Roseville Home Sales, Median Price Rise Again in June
The ongoing strength has started to turn home sales into a sellers' market, say real estate agents.
Reflecting a rebounding market, home sales are continuing an upswing in Roseville, according to the latest report of the Minneapolis Area Association of Realtors (MAAR).
The association's data shows that June's median home prices in Roseville rose 28.3 percent from the same month a year earlier. That figure was $207,925, up from $162,000 from June, 2011.
That ongoing uptick mirrored the rising fortunes of the Twin Cities-area housing market where the median home price posted a 10.7 percent year-over-year increase, the fourth consecutive monthly gain in 2012.
Meanwhile, Roseville had 48 completed home sales in June, a 26.3 percent increase from the same period in 2011 when the city posted 38 completed sales.
The city's year-to-date total closed sales is up 39.5 percent from the same period in 2011. There were 180 completed home sales for the first six months of 2012 compared with 129 for the same period in 2011, MAAR reported.
Julie Overbye, a veteran real estate agent at Edina Realty in Roseville, said the latest housing figures are "showing recovery in the market. That's really encouraging. I think definitely things are turning around. But I think there will be a slow recovery."
Overbye said the latest housing sales also show that the market is changing from a buyers' to a sellers' market. She added a growing number of sellers with homes priced between $200,000 and $300,000 are getting multiple offers.
Across the region, Realtors agree, the market is finally starting to tilt in favor of sellers, rather than buyers.
The bottom line: The median sales price in June 2012 rose 10.7 percent from the previous June to $179,500. That’s the second-largest annual gain since January 2004 and the fourth consecutive month of year-over-year gains. Excluding only June 2010, home prices in the Greater Twin Cities area are now at their highest level since October 2008.
That's a result of declining supply, as well as rising demand. In June 2012, buyers signed 4,917 purchase agreements, 16 percent higher than June 2011. Meanwhile, the number of homes for sale has dropped for 17 consecutive months, down 31.2 percent from last year to 17,103 active listings–the lowest inventory reading for any month since January 2004. Months’ supply of inventory, a standard industry measure of inventory, dropped 44.6 percent to 4.4 months, the lowest reading for any month since December 2005.
Realtors cited several other bits of good news from the close of the second quarter: Homes are selling in 113 days, on average, down 22 percent from last year. Sellers are getting an average of 95.1 percent of their list price, up 4 percent from last year. And cash buyers are making up 19.3 percent of all closed sales.
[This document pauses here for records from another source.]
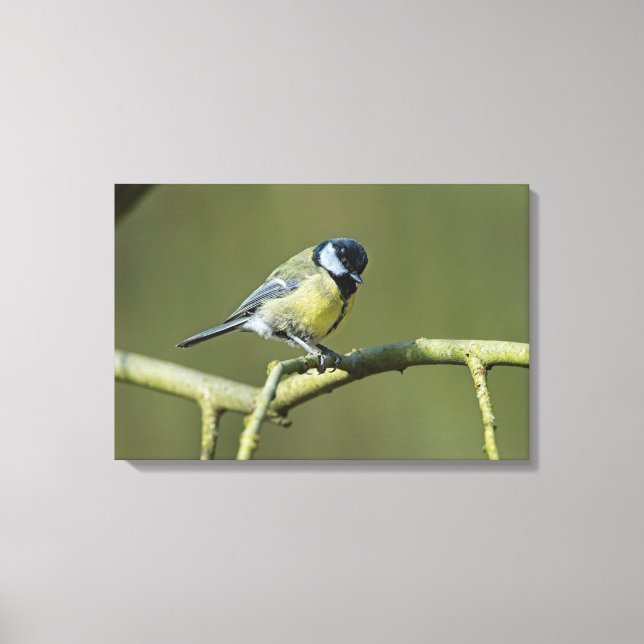 Toile Bluetit (Recto)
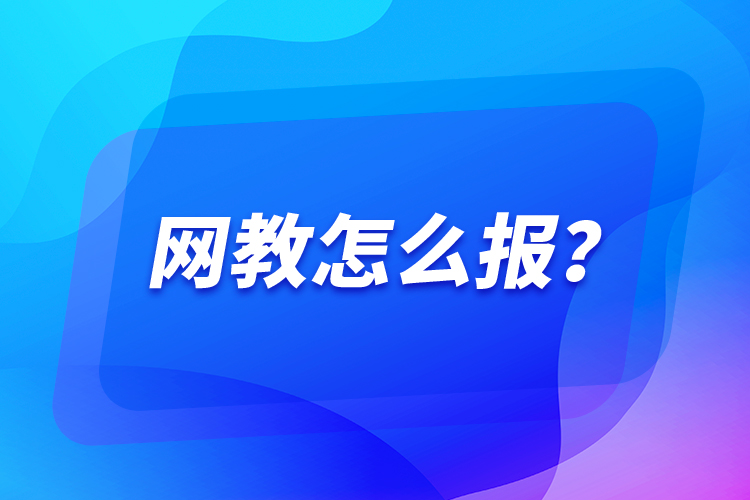 網(wǎng)教怎么報？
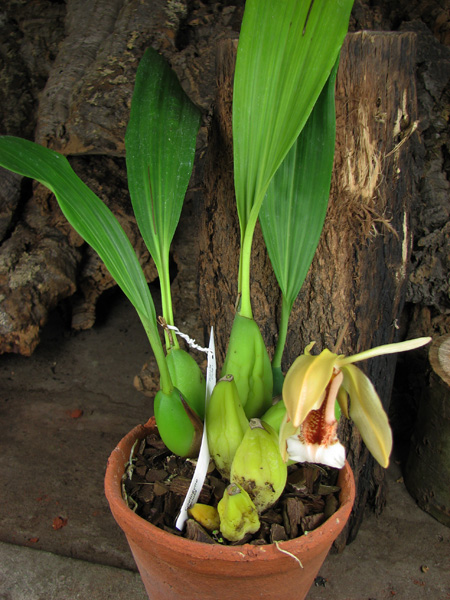 Coelogyne speciosa.jpg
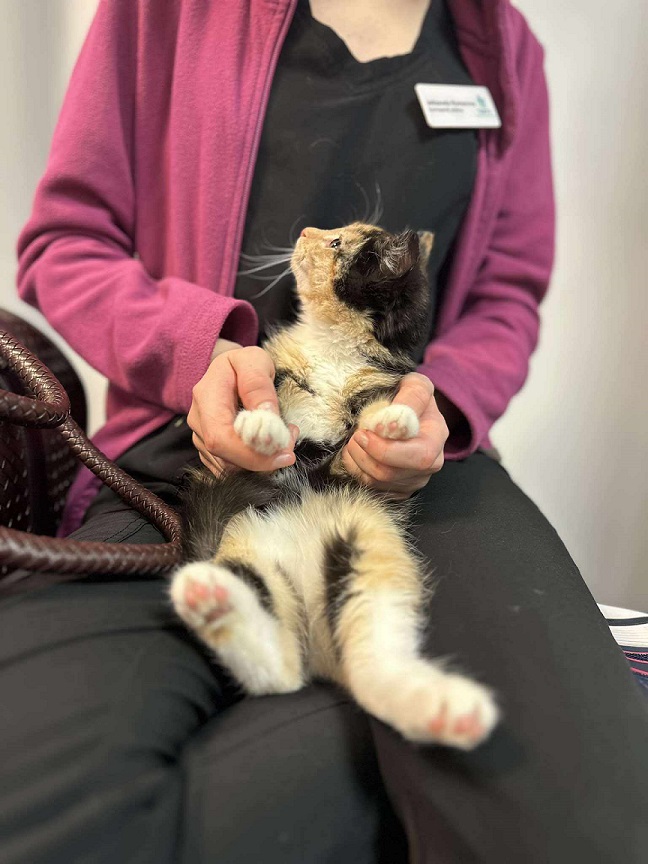 Pisuke kahtlus on praeguseks 3,5 kuuse kassikese hinges siiski alles – nii et kindlasti peaksid kodupakkujad arvestama, et Fabyle tuleb uues kodus anda veidi aega, et ta saaks rahulikult ja omas tempos kohaneda. 😇
Praegu on Faby hoiukodus Tartus.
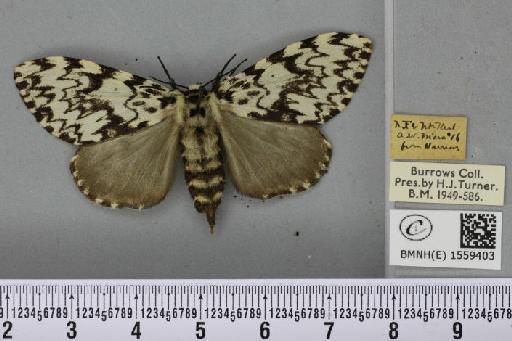 Lymantria monacha (Linnaeus, 1758) - BMNHE_1559403_252125
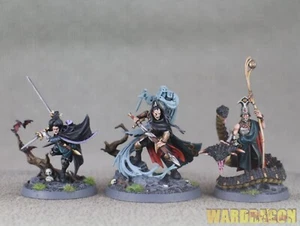 Warhammer AOS WDS painted Blades of the Hollow King b51 - Picture 1 of 7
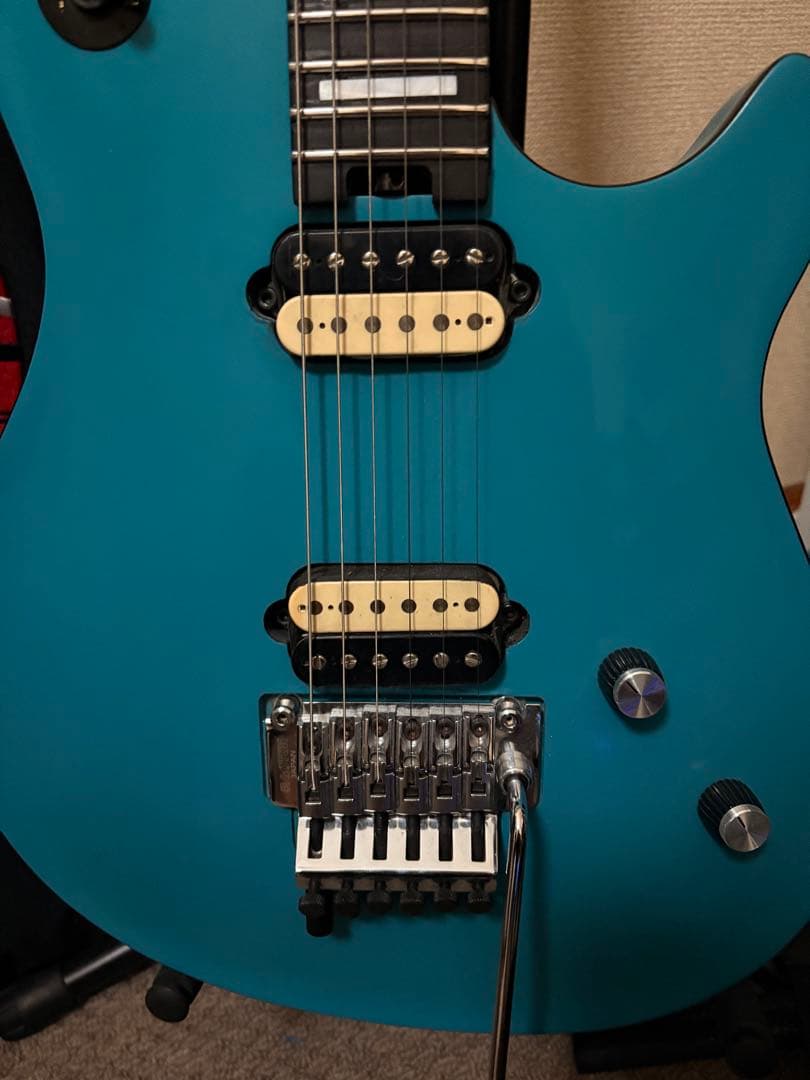 EVH Wolfgang Special /ベアナックルピックアップ/ミュール Bare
Perhaps most significantly, people putting their homes on the market no longer have to compete with quite such a huge flood of short sales and foreclosures, collectively known as "distressed sales." In June, distressed sales accounted for 30.6 percent of all new listings and 34.6 percent of all closed sales, the lowest shares since June 2008 and August 2008, respectively.
“It’s difficult to find a negative trend in the local housing market right now,” Cari Linn, MAAR's president, said in a news release. “After many years of decline, it’s a welcome change of pace.”